A Bi-Level Multi-Objective Optimization Algorithm with a Bounded Multi-Variate Conjugate Gradient Method.

Abstract

Designing any complex system requires engaging many areas. Thus, it is necessary for engineers from multiple disciplines, such as hydrodynamics, structures, etc., to collaborate. Although this increased collaboration across multiple disciplines has yielded tremendous benefit, it makes the design process substantially more difficult. Engineers must communicate frequently across all the disciplines, and they can no longer design in isolation. Therefore, efficient algorithms that are capable of facilitating interaction across multiple engineering disciplines are required. Moreover, the collaboration across multiple disciplines tends to increase the size of the optimization problems. When multiple disciplines are considered, more elements of the system have to be accounted with greater accuracy. As a result, size of engineering optimization problems has increased exponentially in recent years. However, many classical optimization algorithms are not suited to solve optimization problems with a large number of design variables (large-scale). The goal of this research is to create a flexible multidisciplinary optimization algorithm that is capable of solving large-scale optimization problem by improving known optimization techniques. First, a new bi-level multi-objective optimization algorithm is developed. Engineering systems are designed in a distributed environment where multiple departments design each respective sub-system. However, these departments often have mutually conflicting objectives, and it is necessary to measure the trade- off between different objectives that the system needs to achieve. The new bi-level multi-objective optimization framework finds the trade-off of multiple objectives in a distributed environment.

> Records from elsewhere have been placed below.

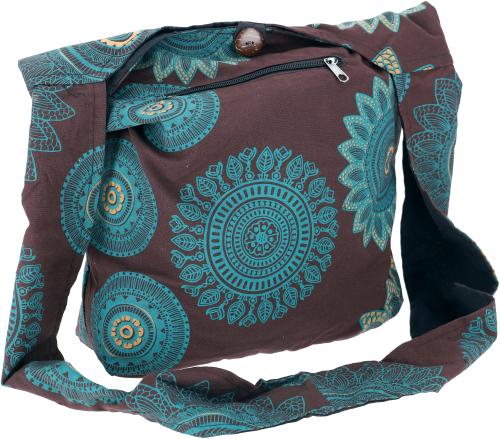 Sadhu Bag, Goa Tasche, Schulterbeutel, Einkaufsbeutel - Modell 3 - 35x38x11 cm 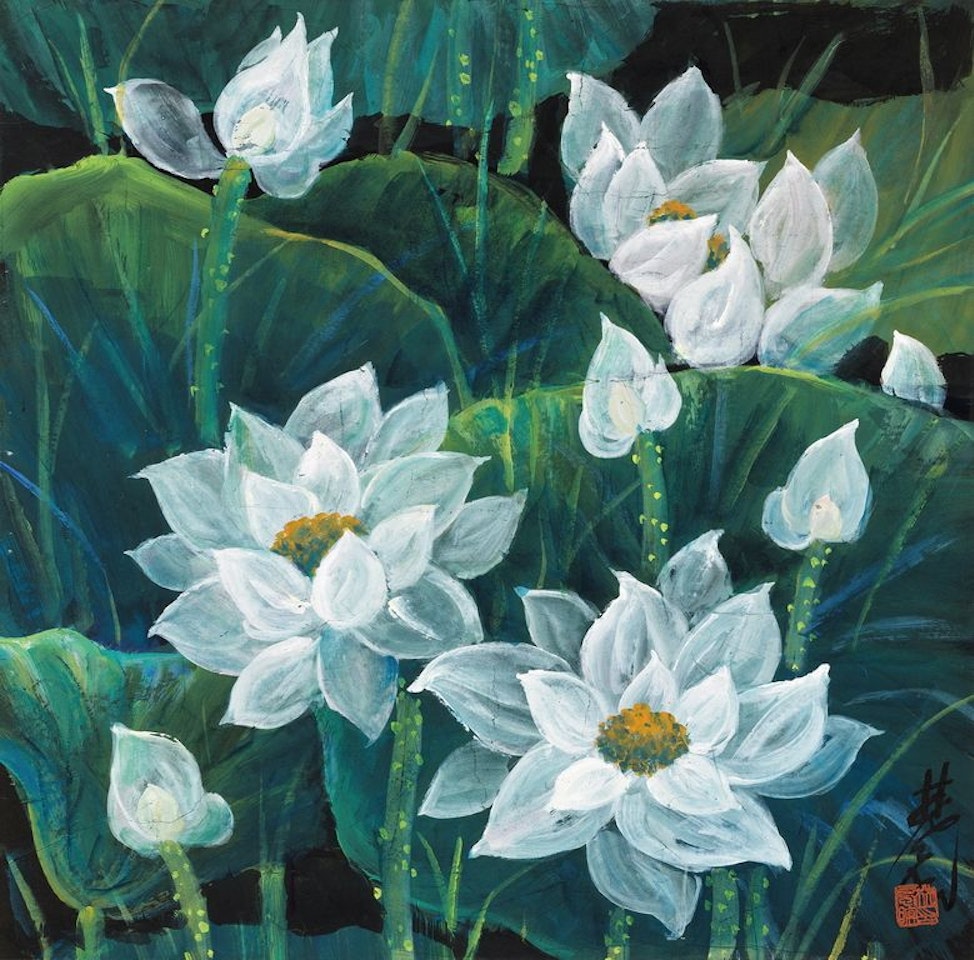 Lotus by Lin Fengmian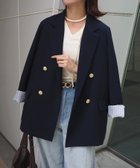 【ゼヴォン/Thevon】のGOLDボタンテーラードジャケット 人気、トレンドファッション・服の通販 founy(ファニー) ファッション Fashion レディースファッション Fashion for Women アウター Coat / Outerwear Collection レディースジャケット・軽アウター Jackets テーラードジャケット / 通勤・きれいめスタイル Tailored Jackets & Blazers 2025年 2025 2025-2026秋冬・A/W Autumn/Winter 2025–26 AW25–26 ジャケット Jacket, Outerwear スタイリッシュ Stylish, Fashionable ストライプ Stripe, Striped Pattern スラックス Slacks, Dress Pants デニム Denim, Jeans Material エレガント 上品 Elegant 定番 Standard, Basic Item 春 Spring 羽織 Haori, Light Jacket thumbnail ネイビー|ID: prp329100004658413 ipo3291000000033713398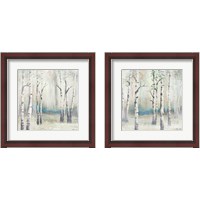 Framed 'Watercolor December Birch 2 Piece Framed Art Print Set' border=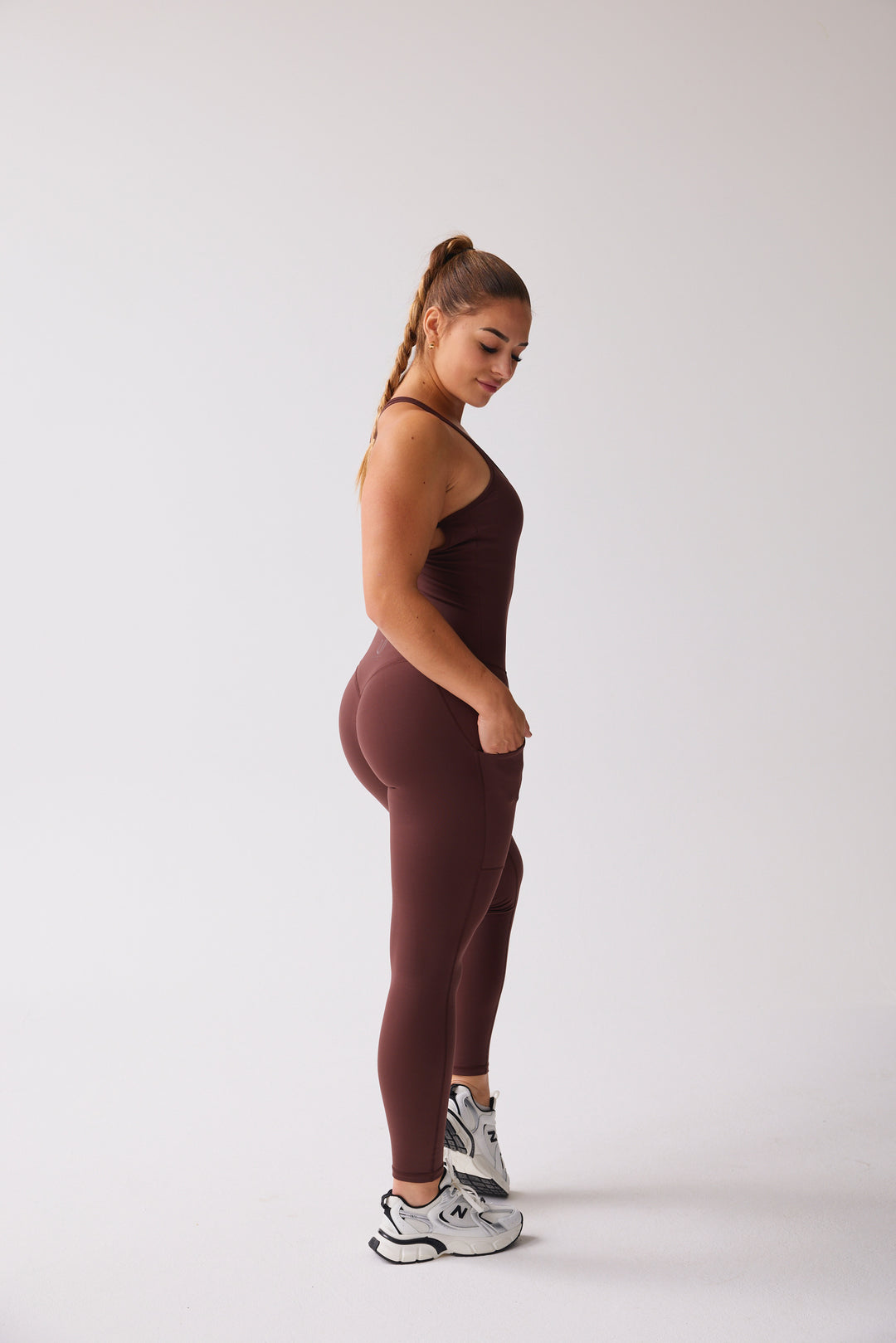 Jumpsuit 'Flex The Fit' - Coffee Bean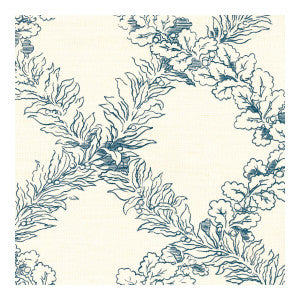 Leaf Trellis Blue by Lee Jofa Designer Fabric
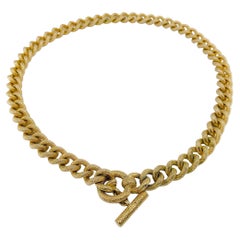 Vintage Christian Dior 1980s Chunky Chain Necklace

A numerical optimization method called ‘Conjugate Gradient (CG) method’ is modified to solve optimization problems with a large number of design variables. The CG method is known for its low memory requirement and strong convergence properties. It is one of the earliest large-scale optimization algorithms; the modifications are made to improve its computing time and the rate of convergence for large-scale optimization problems. In the last phase of research, the bi-level multi-objective optimization algorithm and the modified conjugate gradient method are combined to create a multi-disciplinary optimization capability suitable for solving problems with a large number of design variables.